By James Corbett
We've been watching carefully over the past few months as gold has been hammered down from it's $1700 trading range of last fall down to as low as $1200 at the end of June. Many a gallon of printer's ink (and even more of the digital equivalent) has been spilled mulling over this trend and speculating on where gold is heading from here. Many of the gold bears have used this as an opportunity to crow about the end of the bull market. After 13 years of steadily rising prices, these traders are loudly proclaiming that the gold “bubble” has popped and the market is returning back to pre-2009 sub-$1000 levels. The goldbugs, on the other hand, are trying to rally the troops, bracing them for potential setbacks along the way, but reminding them that gold always wins in the end versus fiat currencies.
But perhaps the real question is not what the traders are thinking, but what the banksters are doing. As always, we have to fall back on the old dictum: watch what they're doing, not what they're saying. In previous appearances on Radio Liberty with Dr. Stan Monteith I've talked about how the world's central banks continue adding gold to their vaults at a blistering pace. Data released in May showed that in the first quarter of the year, even as gold entered its bear market, central banks added over 100 tonnes of the shiny yellow metal to their holdings for the seventh straight quarter in a row. This is on top of the fact that in 2012 central banks around the world bought the most gold of any year since 1964. Clearly the central banks know something about the long-term value of precious metals that the talking heads don't feel like sharing with the average investor.

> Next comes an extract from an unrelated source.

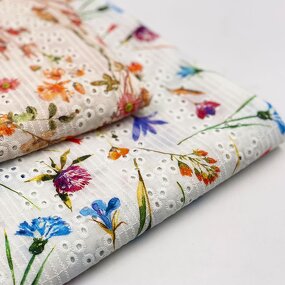 Lace Fabric Manufacturer - China Made Leaves Flowers Voile Print Lace Fabric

Now a new piece of the golden puzzle falls into place. Last fall the US banks were net short gold by an extraordinary 106,000 contracts (40,625 gross long and 146,809 gross short). But now the gold bear market has helped them to cover those positions and switch long. From the stunningly net short positions of last fall, the latest Bank Participation Report shows that US banks have switched to a combined net long position of 45,000 contracts (69,565 gross long and 24,939 gross short). Once again, the question has to be asked: are these Fed insider banks and bullion bank manipulators off their rockers, or do they know something that we don't? Because it is hard to look at these figures without concluding that we are due for a gold market rally the likes of which have not been seen in a long time.
This is just one more data point in a much bigger puzzle. One of the most intriguing pieces of this puzzle fell into place last week when 6800 ounces of gold were withdrawn from JP Morgan's vault at 1 Chase Manhattan Plaza (the largest private gold vault in the world, conveniently located across the street from the New York Fed), sending the vault's gold inventory to a record low. Also of interest, earlier this month Brink's saw nearly one quarter of its entire holdings (133,000 ounces) quietly withdrawn overnight. Where on earth is this gold going?

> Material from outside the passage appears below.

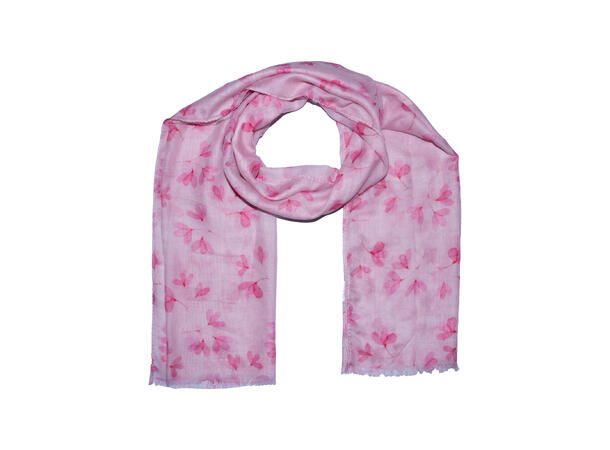 Skjerf m/blader 75x180 rosa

The answer is almost certainly eastward. Physical demand for gold remains strong in India and especially in China. The numbers coming in from the Shanghai Gold Exchange are staggering. If year-to-date gold delivery figures were annualized, fully one-half of global gold mine production would be passing through the SGE this year. This on top of figures showing that Chinese gold imports for 2013 are up year-on-year from 2012 despite whatever is happening to the manipulated spot price.
Literally every signal from the banksters themselves show that not only is physical gold still a good investment, it is THE investment to have at the moment. Whether the market turns around this quarter, next quarter, or next year, it seems the banks are positioned for one heck of a rocket ride upward. It's never a bad idea to follow the smart money.